Enough - sufficient to a degree; qualitative.

I'm not happy enough.

This phrasing has a relationship much more with the degree to which a person is committed to seeking a goal. No amount of happiness is specified; moreover, the use of "enough" is intended to note primarily the discrepancy between where the author is and where the author desires to be. The following use of "enough" may be helpful:

I've been having problems, and problems make me sad.
It's not that I'm always in a dour mood. I'm not happy enough.


Not quite means ‘not completely’. Not . . . enough means ‘to an insufficient degree’.

Your examples are unlikely sentences, because happiness is not generally talked about in that kind of way. A better example of the use of not quite would be ‘I haven’t quite finished’, and a better example of the use of not enough would be ‘ ‘I haven’t studied enough.’

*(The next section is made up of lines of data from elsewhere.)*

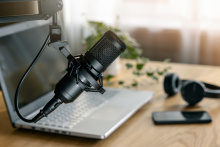 A microphone, a laptop, a headset, and a cell phone on a wooden table.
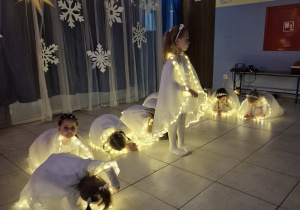 dziewczynki w strojach aniołków wykonują taniec na występie, mająna sobie świecące pelerynki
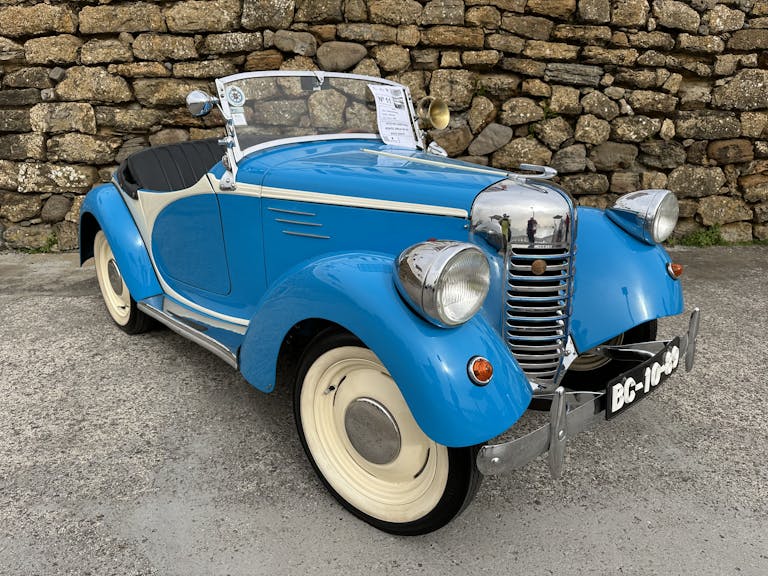 Charming vintage blue convertible car parked by a rustic stone wall in Silveira, Portugal.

One definite difference is that quite can never be an adjective:

We have enough food.

We have *quite food. (wrong)

However, quite and enough can both be adverbs:

We have swum enough for today.

We have quite a lot of food.

He quite knows what he is talking about (this last one is almost exclusively British).

  • 2
    No, no, no. Your implication is that enough in We have enough food. is an adjective. It's not - it's a quantifier. Look this up. (Quantifiers are usually considered a subset of determiners.) Commented Sep 9, 2013 at 9:58
  • 2
    @Edwin It's not my implication, it's my very assertion. I was reared in the old school, where 'this' in 'this book' is a demonstrative adjective, not a determiner. I'm a throwback, so sue me. In any case I don't see how modernizing the POS really sheds any additional light in this example.
    – Merk
    Commented Sep 9, 2013 at 10:05
  • Just because there is a new label doesn't make it -totally- different. A determiner acts like in adjective more than it acts like a noun.
    – Mitch
    Commented Sep 9, 2013 at 11:52
  • @Merk: I'd suggest you need a refresher course. At english.stackexchange.com/questions/101188/… is: The set of eight classes is still taught in [some] schools; it is found in many grammar books ... (and even in one or two textbooks of linguistics); and it is the list used by many dictionaries of English in assigning part-of-speech labels. But it is grossly inadequate. And, in particular, the article at random-idea-english.blogspot.co.uk/2012/08/… has a fine treatment on the what and why of the determiner word class. Commented Sep 9, 2013 at 13:23
  • @Mitch: A cheetah acts like a leopard more than it does a bullfrog. It doesn't make it one. And Merk is suggesting that a difference between 'enough' and 'quite' is that 'enough' can be an adjective - as many believe it can't, his diagnostic fails. I also was taught that there were 'demonstrative adjectives', in a probably equally old school environment, but I've changed my grammar as better models have come along. A Model T was OK to get along with in its day, though my modern car has fewer faults. Commented Sep 9, 2013 at 13:26
  • I'm not quite happy. = I am almost happy.

  • I'm not happy enough. = I am happy, but would like to be happier.

They could be considered expressions of the same kind of sentiment, even though the literal meaning is different.